Wood Stove

Oh, but the things you can do!

https://www.offgridworld.com/wp-content/uploads/2014/03/creative-wood-pile1.jpg

http://www.inspirationgreen.com/stacking-firewood.html

My home-owners insurance changed when I went to a wood burning stove in the house. Doesn’t change if the stove is outside not in any building.

With a properly built stove, you don’t let it go out. You get up in the morning, put some wood in the stove and open the air vents. the remnants of the fire from the night before blaze up, and very shortly the stove is putting out a ton of heat. When you are ready to leave for the day, you add wood, and close the air vents. The fire damps down, but continues to gently heat the house until your return, at which point, you repeat the process. With a good stove and a reasonably insulated house, it never gets cold. Yes, it takes a little more work than turning up the thermostat, but it isn’t onerous.

Wood, in a brick fireplace.

Yes, you clean it after & yes you always fill it with wood for the next time after that.

Its the only civilized way to watch a good black-and-white movie while sharing good red wine and fine chocolate. My experience is my cite. :wink:

Yep, I know how it’s supposed to work, but even with the very best and the largest Vermont Castings (had three different stoves in a period of about 12 years) stove, I could never keep it going on one load of wood for 8-9 hours. And I was burning 50/50 soft/hardwoods. The only difference I can think of is that I live at 11,200 feet. But if anything, that should make it last longer I would think.

I’m betting you have brass andirons as well.

looks down

looks up

Oh, yeah…

Softwood should only be used for kindling. I have used Vermont Castings stoves (excellent), and have had a full load of hardwood burn all night, with plenty left in the morning.
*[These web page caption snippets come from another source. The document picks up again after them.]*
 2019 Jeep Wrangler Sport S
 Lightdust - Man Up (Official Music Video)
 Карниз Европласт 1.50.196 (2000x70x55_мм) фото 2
Hardwood is great when you can get it. Not too much of it in the Colorado Rockies.

In Oregon, the best cord wood is oak and madrone. With some pine or fir for kindling. I tried the sawdust bricks. They don’t split, make a mess and don’t leave very good coals. I don’t really buy the environmental aspect of these. They are usually a byproduct of the lumber industry, but it takes a lot of energy to compress and ship them. Natural gas fireplaces are only for looks. Nothing takes the chill away better than a good fire

Wow! Six cords a year. You must live in Northern Canada

There is substantially less oxygen at 11,000 feet (13.7%) than at sea level (20.9%) or, say, 2000 feet (19.4%). I would think that accounts for fires going out sooner at altitude than at sea level.

That’s crazy. Softwoods are great. They burn hot and fast, are often free, and (the biggest plus IMHO) is that they season very fast.

I can split fresh pine and it burns awesome 9 months later. It takes twice that amount of time to properly season oak from freshly split.

Enjoy your chimney fires.
Softwood is double-plus ungood for anything other than kindling.

OK, so what do you do if softwood is your only option? I don’t image that during the Klondike gold rush very many people had the luxury of burning oak all winter long.

Boo fucking hoo. How about your neighbors who have to put up with the smoke? I don’t care how modern your stove is or what you burn in it, if the wind blows your smoke into my windows, I hate you (obviously, I mean “you” in general).

I liken people who use wood stoves (when there’s a cleaner alternative, which is 99% of the time) to people who just dump their garbage on their front lawn and wait for the wind or animals to spread it around the neighborhood. “Fuck the neighbors, I’m saving 40 bucks a month!”

And if you want to rationalize that coal-burning power plants just eliminate the middleman, knock yourself out, but where I live, the power is from hydroelectric dams, so there’s no excuse.

Please, that is a silly old wive’s tale. There are huge portions of the country where they only can (and do) burn softwood yet there is no epidemic of chimney fires! How can that be?

http://www.caes.uga.edu/topics/disasters/winterstorm/heating/firewood.html

I do enjoy this tale though as it has enabled me to scoop up free pine for years.

I heat with a wood pellet stove. From outside I can’t see or smell smoke. 40 lbs of pellets (one day’s worth for me) produces less than a cup of ask.

From Energy.gov. My nearest neighbor is 1/3 mile away. I can guarantee that they aren’t bothered by my pellet stove.

StG

I do understand his frustration. I have lived near people who burn unseasoned wood in big old smoke dragon wood stoves and it stinks. Even 1/3 of mile away it would still be a problem.

If you burn properly seasoned wood in a newer EPA stove (and you have a properly sized chimney, etc.), your neighbors should never get smoke in their house. I couldn’t even smell smoke from my own back yard when burning.